Ever since Earth's immediate cosmic neighbourhood, the Solar System, was determined by exceptionally smart humans like Nicolaus Copernicus, Galileo Galilei, Johannes Kepler and Isaac Newton, a big question has pertained - can any other planet sustain life? The Solar System is actually small by factors of millions compared to interstellar distances, but these distances are daunting for man to travel through. To put this distance in perspective - NASA launched a mission called New Horizons in January 2006 and it could reach Pluto, the most distant planetary body in the Solar System, only in summer of 2015. It took about 10 years for New Horizons to be able to see Pluto, the first time mankind saw what it looks like up close. But a planet that isn't as far and is most likely to host life, since it used to have it (well, billions of year's ago), is Mars. NASA has been studying the planet for years now and even sent a rover which collected data from the Red Planet's surface, the Curiosity. Now though, NASA is planning the 2020 Mars Mission and the rover has been updated. So, what does it take for a little man-built machine to take on the unknown surfaces of another planet?

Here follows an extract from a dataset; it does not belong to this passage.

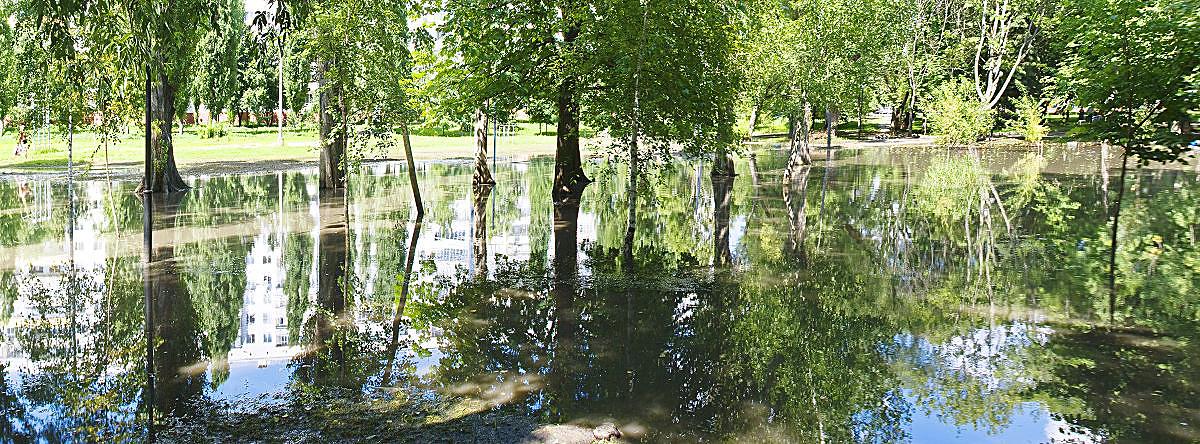 photo "***" tags: city, panoramic, 
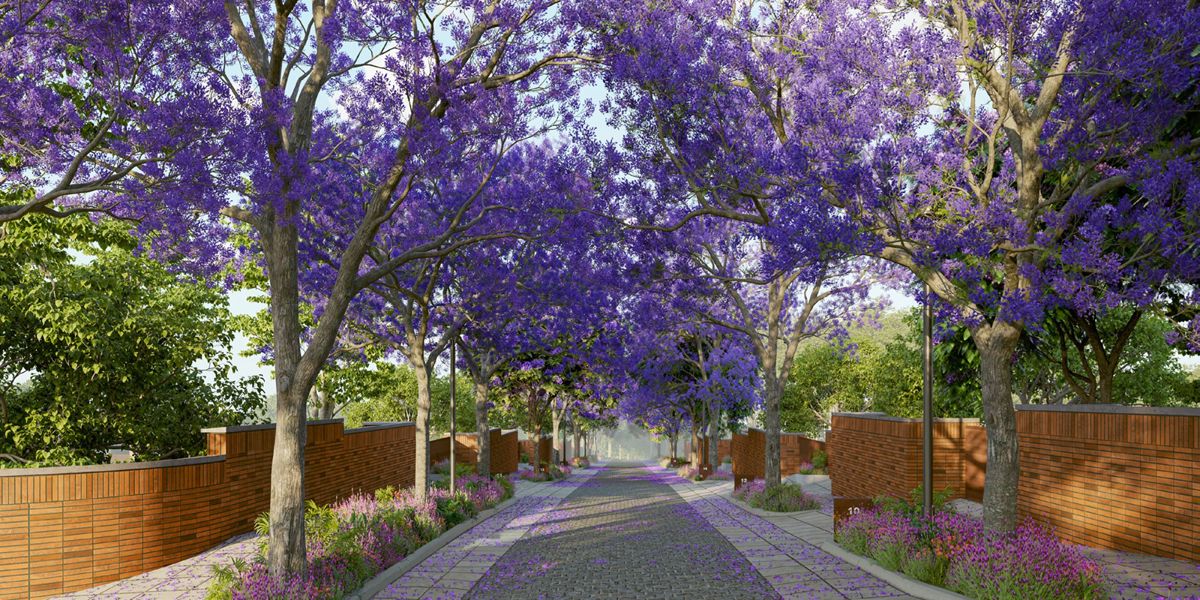 Total Violet Hill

The new rover looks pretty much like the Curiosity Mars rover, but the science machine cum Mars off-roader has seven new instruments, redesigned wheels and more autonomy. This new hardware is being developed at NASA's Jet Propulsion Laboratory, Pasadena, California, which manages the mission for the agency. It includes the Mars 2020 mission's cruise stage, which will fly the rover through space, and the descent stage, a rocket-powered "sky crane" that will lower it to the planet's surface.
The new rover has new goals to achieve and hence is loaded with cutting-edge science instruments. JPL is also developing a crucial new landing technology called terrain-relative navigation. As the descent stage approaches the Martian surface, it will use computer vision to compare the landscape with pre-loaded terrain maps. This technology will guide the descent stage to safe landing sites, correcting its course along the way.
How are they driven?
The rovers were initially designed to move up to 100 metres each sol (Martian day which is about 24 hours and 40 minutes), though they have gone much farther. A hundred metres mat sound less but there are good reasons behind it. While a day lasts quite long on Mars, the Sun can only provide enough power for the rover to drive about in a four-hour window around high noon.

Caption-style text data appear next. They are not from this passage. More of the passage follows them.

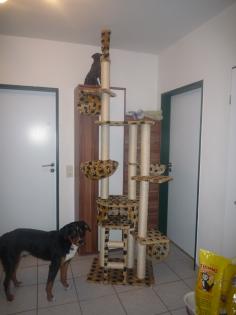 Großer Kratzbaum 7 Moante alt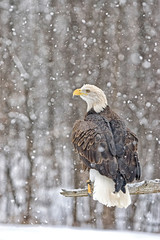 Bald eagle in snowfall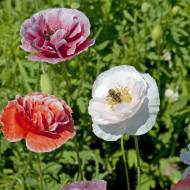 Coquelicot double Dawn Chorus Mix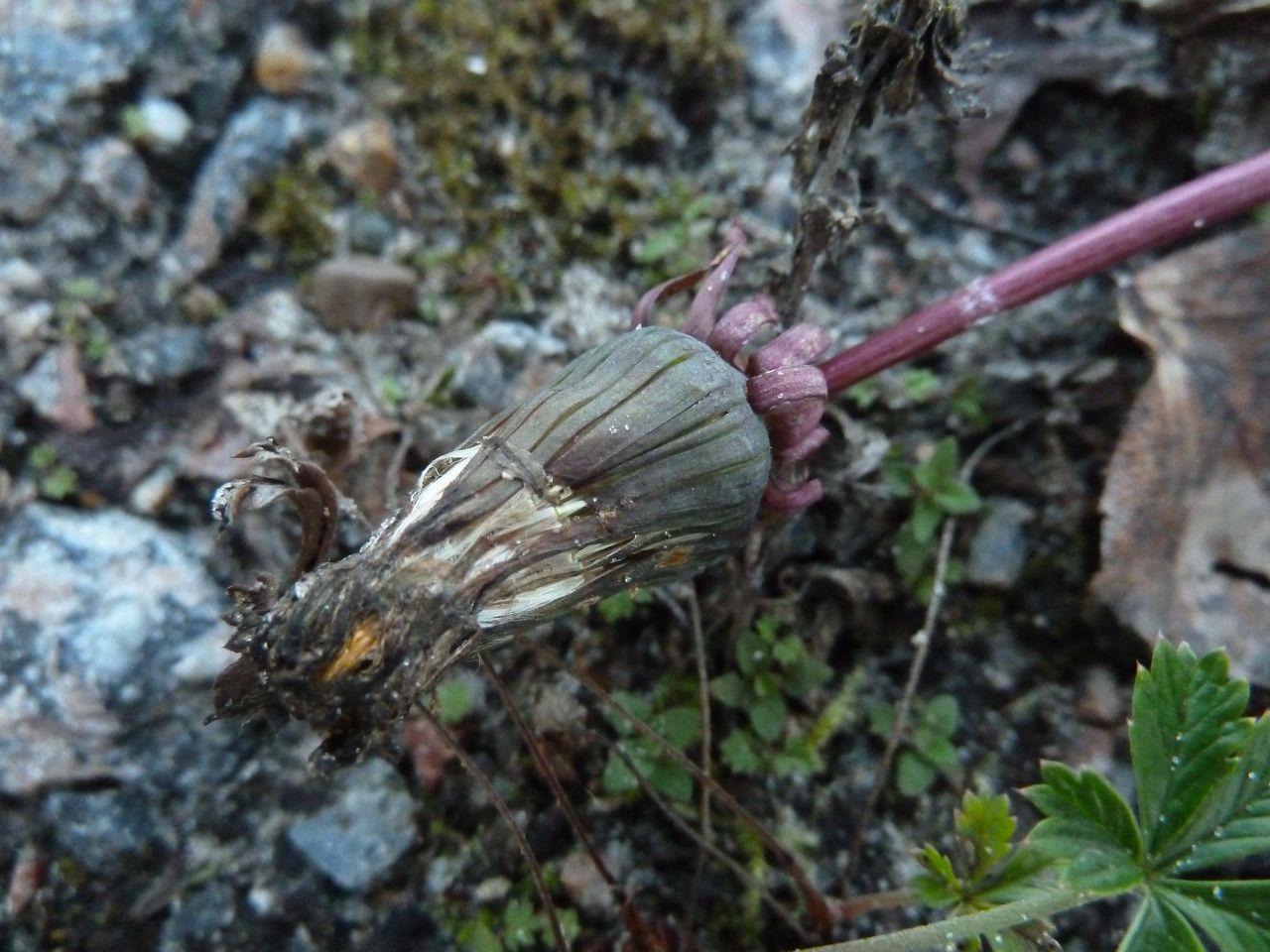 Изображение особи род Taraxacum.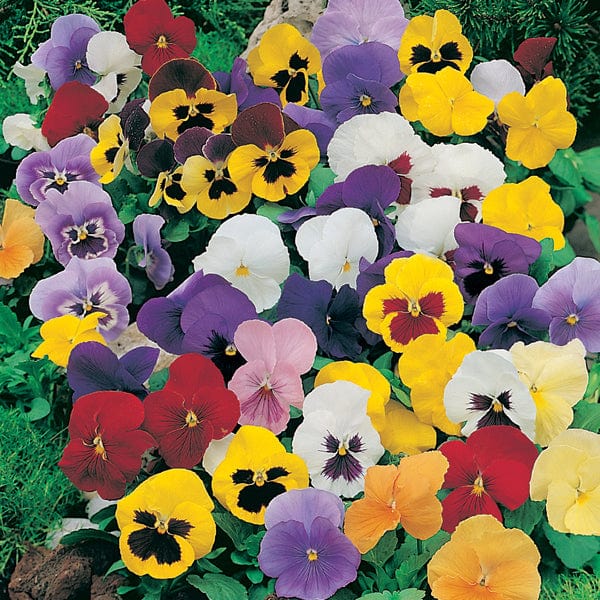 dt-brown FLOWER PLANTS Pansy Winter Flowering F1 Mixed Plants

The communication time between Earth and Mars is about 20 minutes, hence moving from rock to rock or location to location can be a challenge. Unlike a remote-controlled car, the controller of a Mars Rover cannot immediately see what is happening and cannot send quick commands to prevent a catastrophe, say if the rover is nearing the edge of a cliff.
NASA boffins will be able to explain all of this a lot better:
During surface operations on Mars, each rover receives a new set of instructions at the beginning of each sol. Sent from the scientists and engineers on Earth, the command sequence tells the rover what targets to go to and what science experiments to perform on Mars.
A drill will capture rock cores, while a caching system with a miniature robotic arm will seal up these samples. Then, they'll be deposited on the Martian surface for possible pickup by a future mission.